• **Input records**:
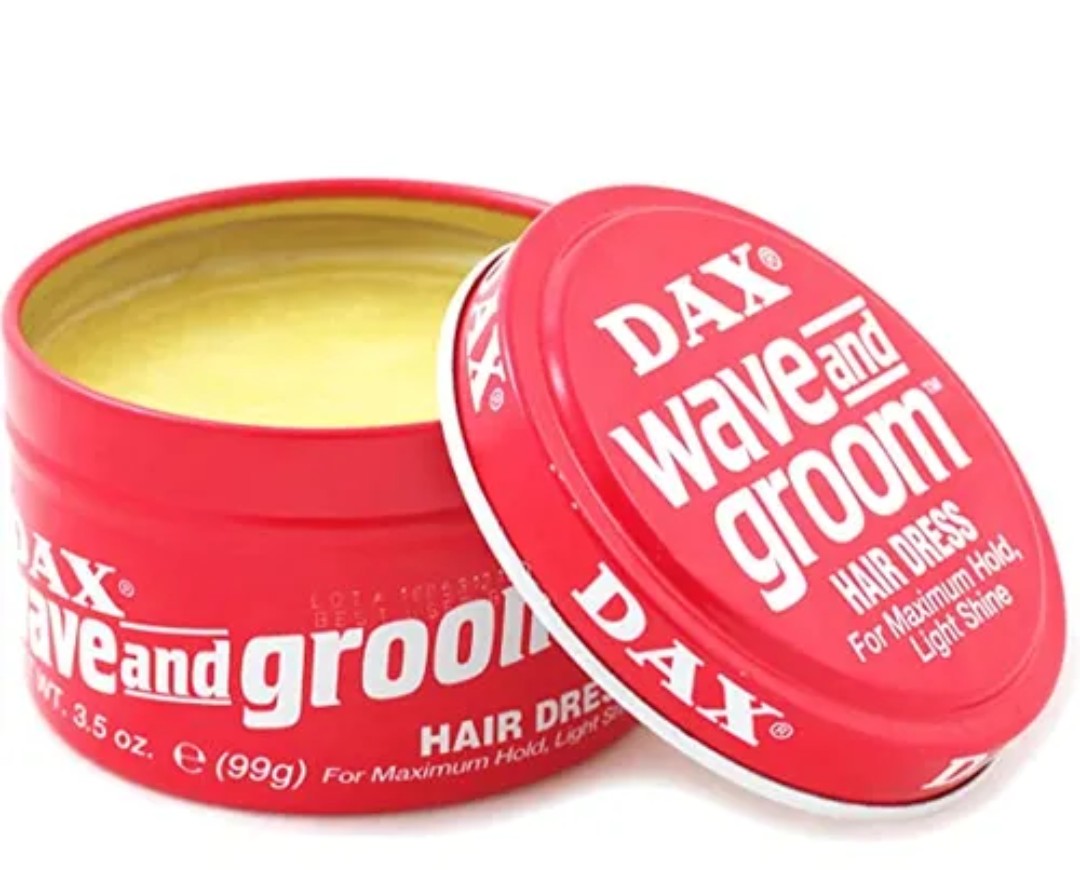 Dax Wave and Groom Hair Dress 99g/3.5oz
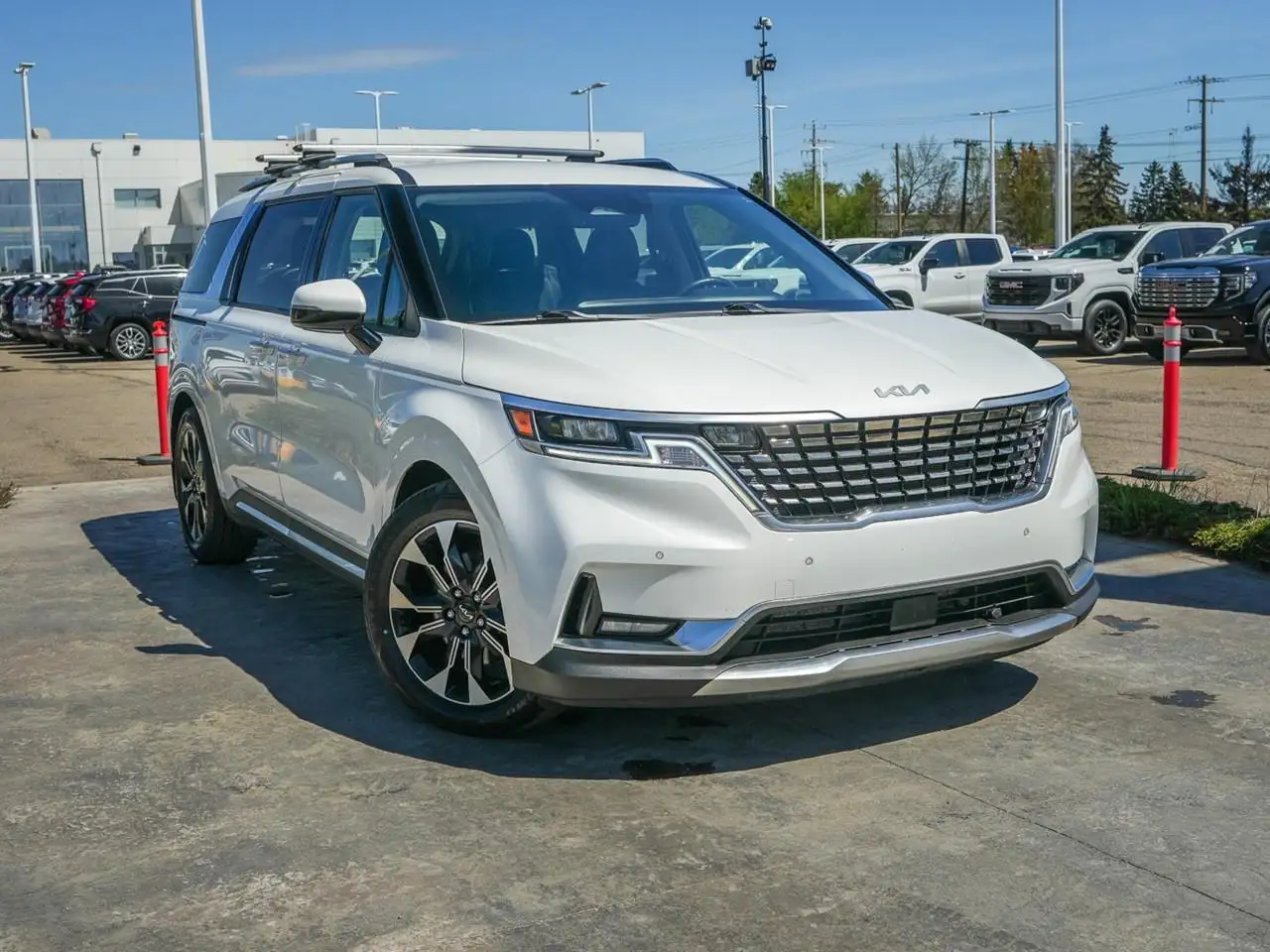 2022 Kia Carnival
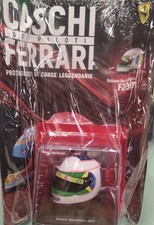 Caschi Ferrari N 89 Rubens Barrichello 2001 comprar usado  Enviando para Brazil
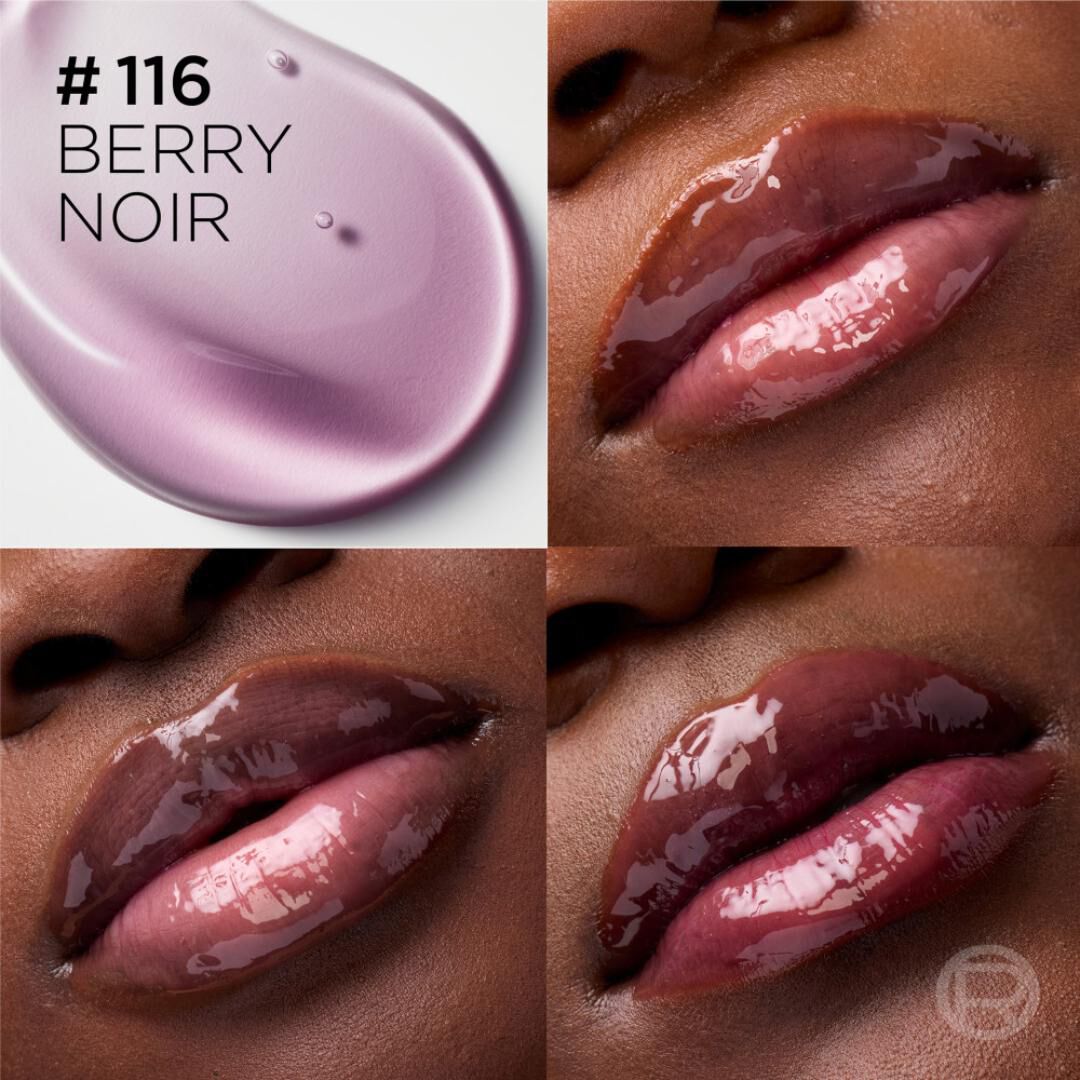 L'Oréal Paris  Plump Ambition pH Hyaluron Óleo Labial Hidratante
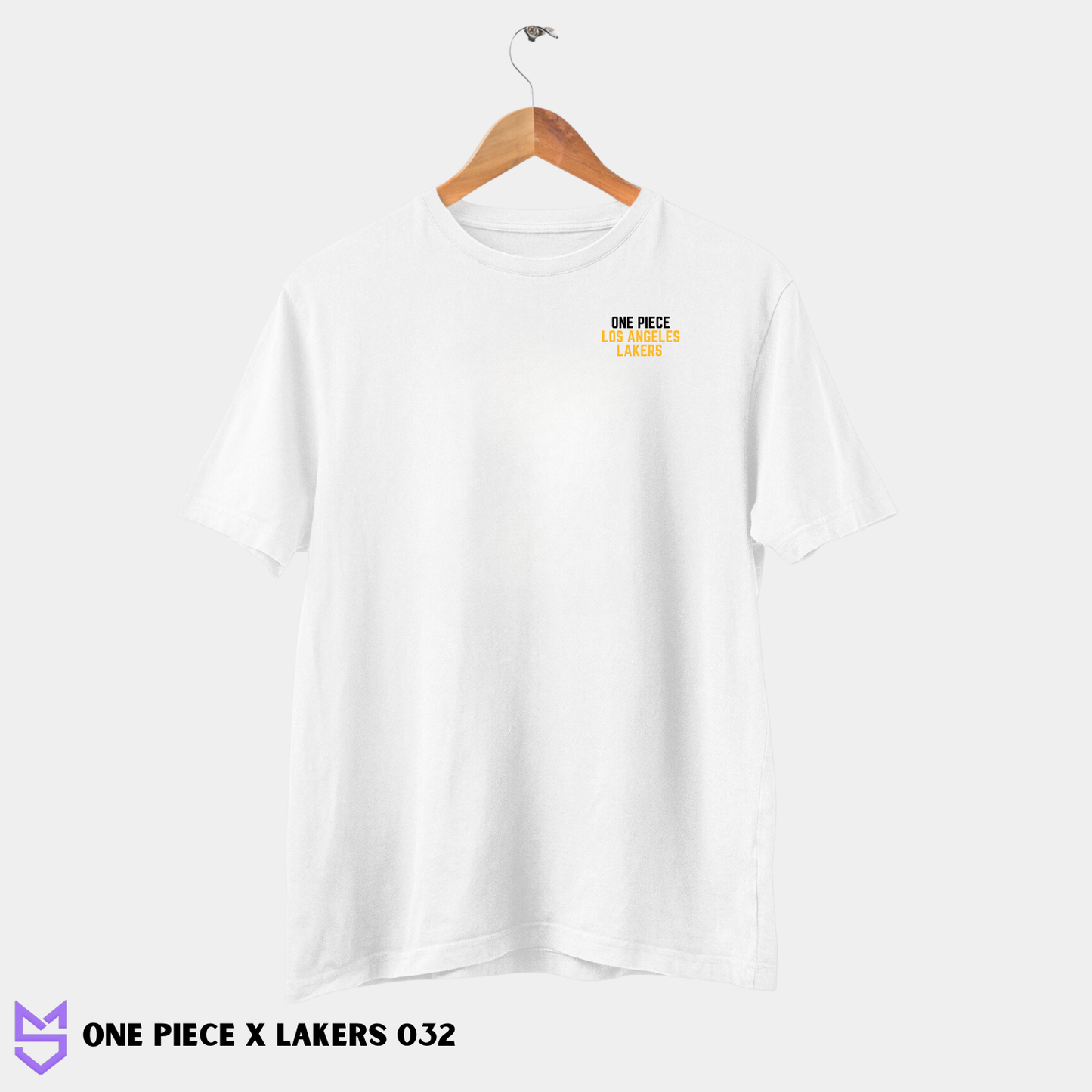 One Piece x Lakers 032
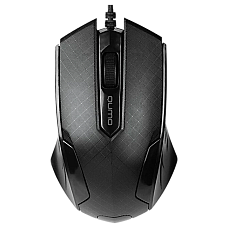 Mouse Qumo M14, Optical,1000 dpi, 3..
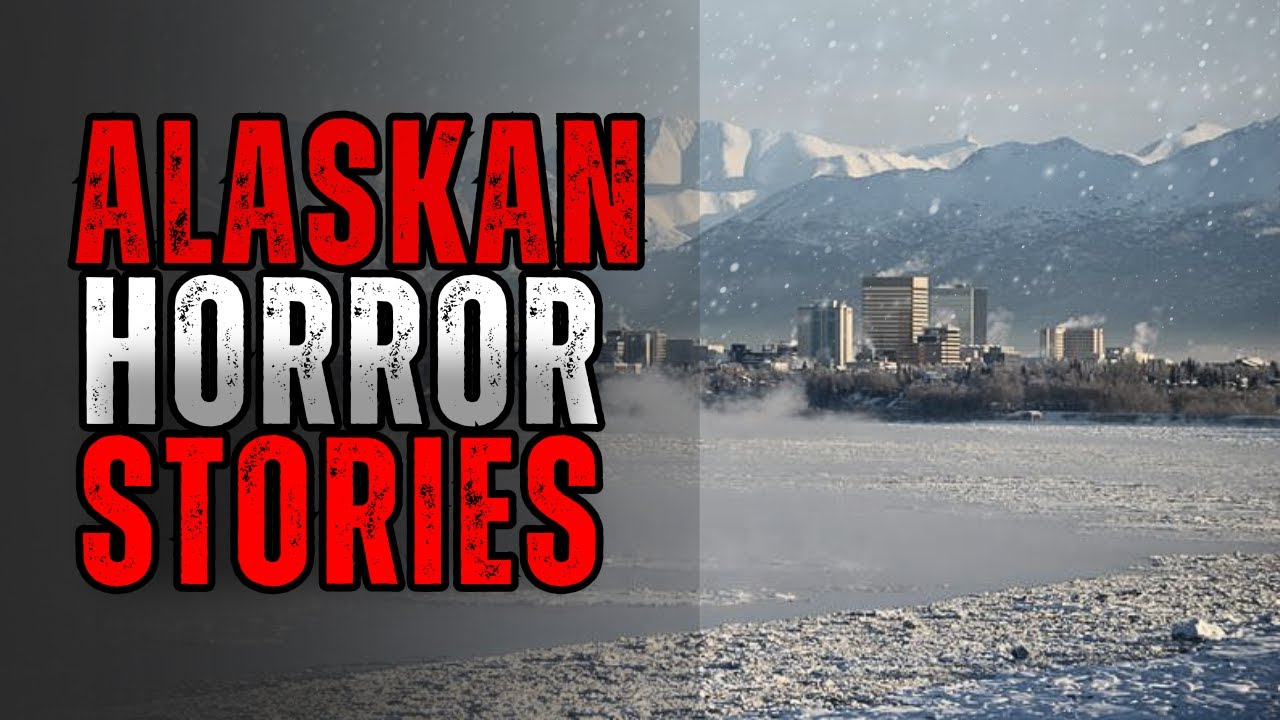 5 True Alaskan Horror Story 2025 Alaska Nightmare True Story of Survival & Terror”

• **Activity**: Pictures aside, write out all of the records exactly.

• **Response**:
 Dax Wave and Groom Hair Dress 99g/3.5oz
 2022 Kia Carnival
 Caschi Ferrari N 89 Rubens Barrichello 2001 comprar usado  Enviando para Brazil
 L'Oréal Paris  Plump Ambition pH Hyaluron Óleo Labial Hidratante
 One Piece x Lakers 032
 Mouse Qumo M14, Optical,1000 dpi, 3..
 5 True Alaskan Horror Story 2025 Alaska Nightmare True Story of Survival & Terror”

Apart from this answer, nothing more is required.